[Opening Extracted records section]
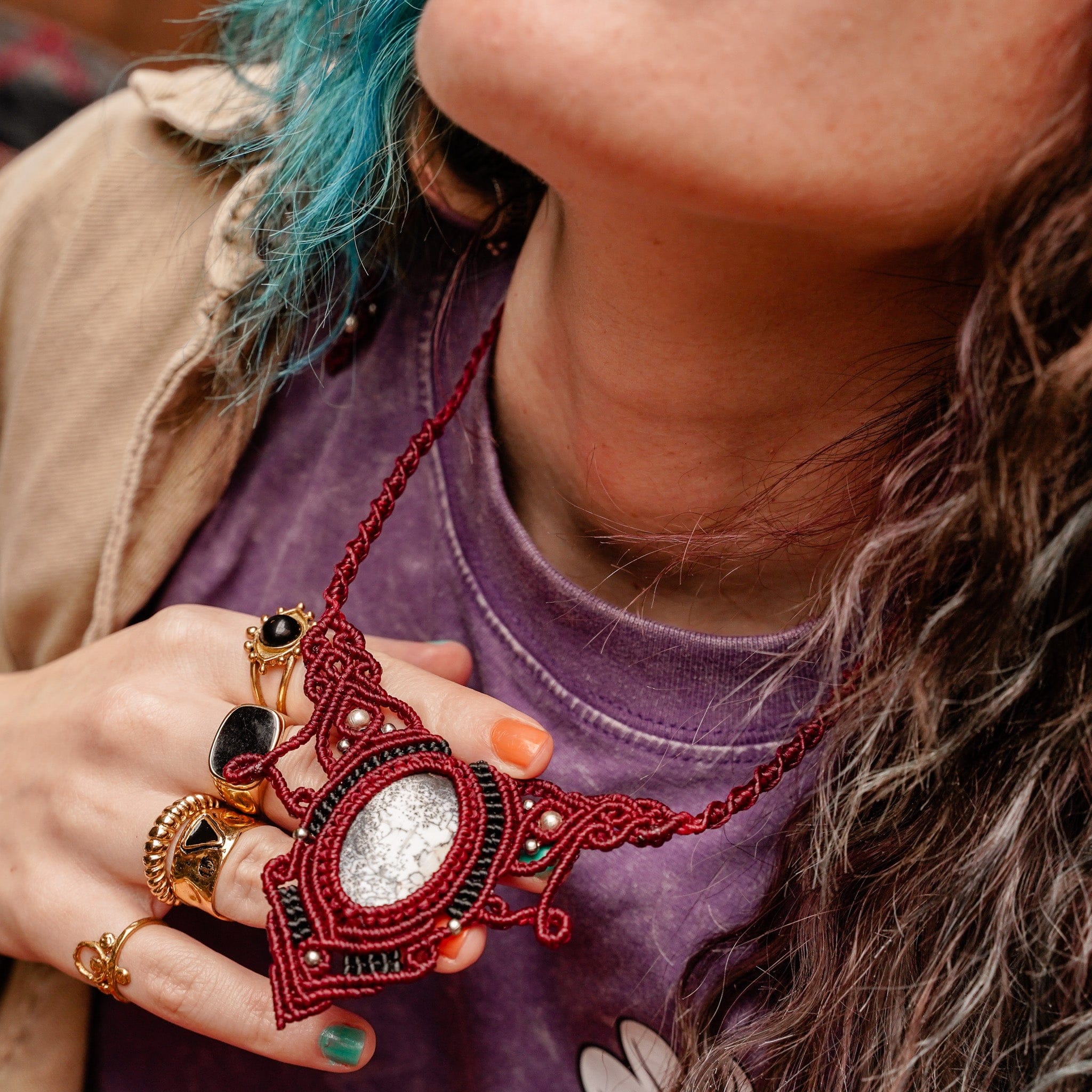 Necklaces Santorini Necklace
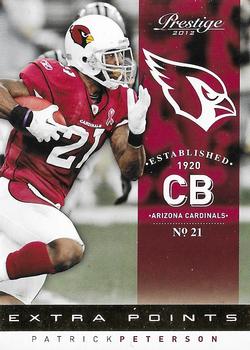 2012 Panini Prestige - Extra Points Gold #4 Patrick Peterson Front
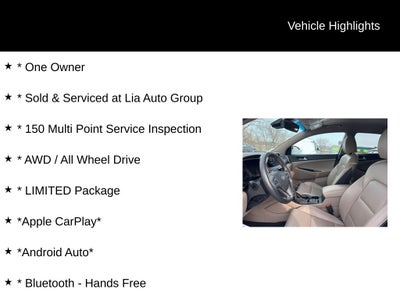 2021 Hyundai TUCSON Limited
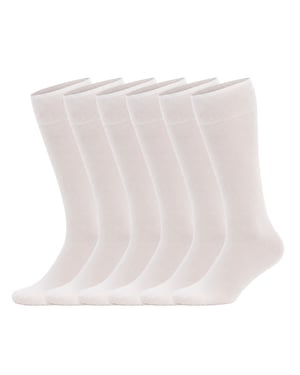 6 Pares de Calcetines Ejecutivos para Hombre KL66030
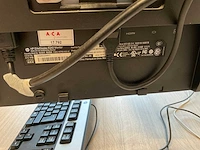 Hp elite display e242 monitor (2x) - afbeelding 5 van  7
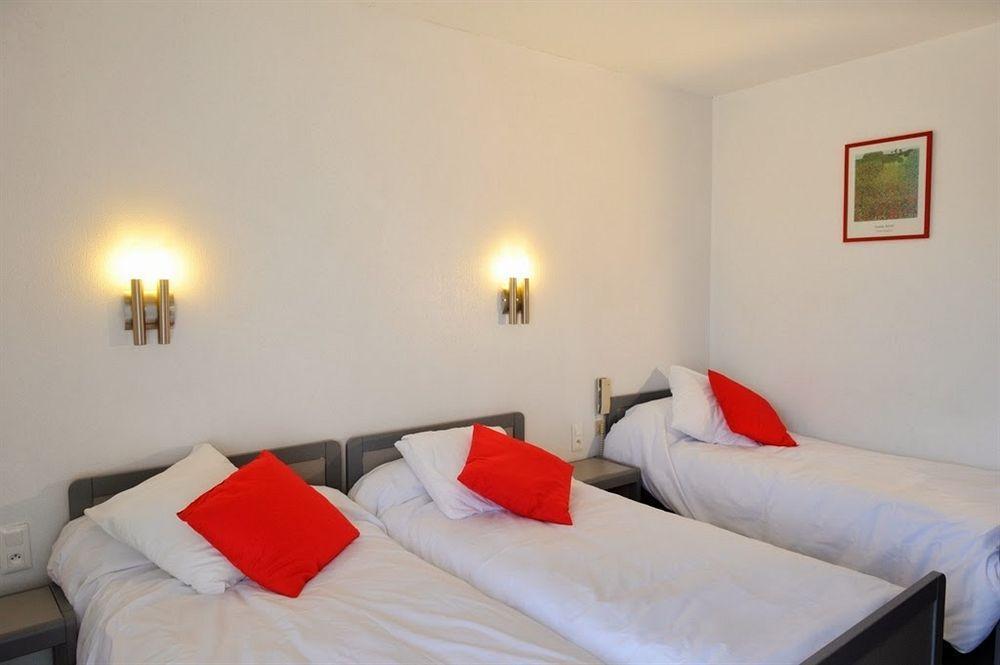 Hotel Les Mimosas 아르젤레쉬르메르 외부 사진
[Closing Extracted records section]
Word for word, repeat only the lines from the line containing "2021 Hyundai TUCSON Limited" through the end of the data, without any pictures.

**Expected output:**
 2021 Hyundai TUCSON Limited
 6 Pares de Calcetines Ejecutivos para Hombre KL66030
 Hp elite display e242 monitor (2x) - afbeelding 5 van  7
 Hotel Les Mimosas 아르젤레쉬르메르 외부 사진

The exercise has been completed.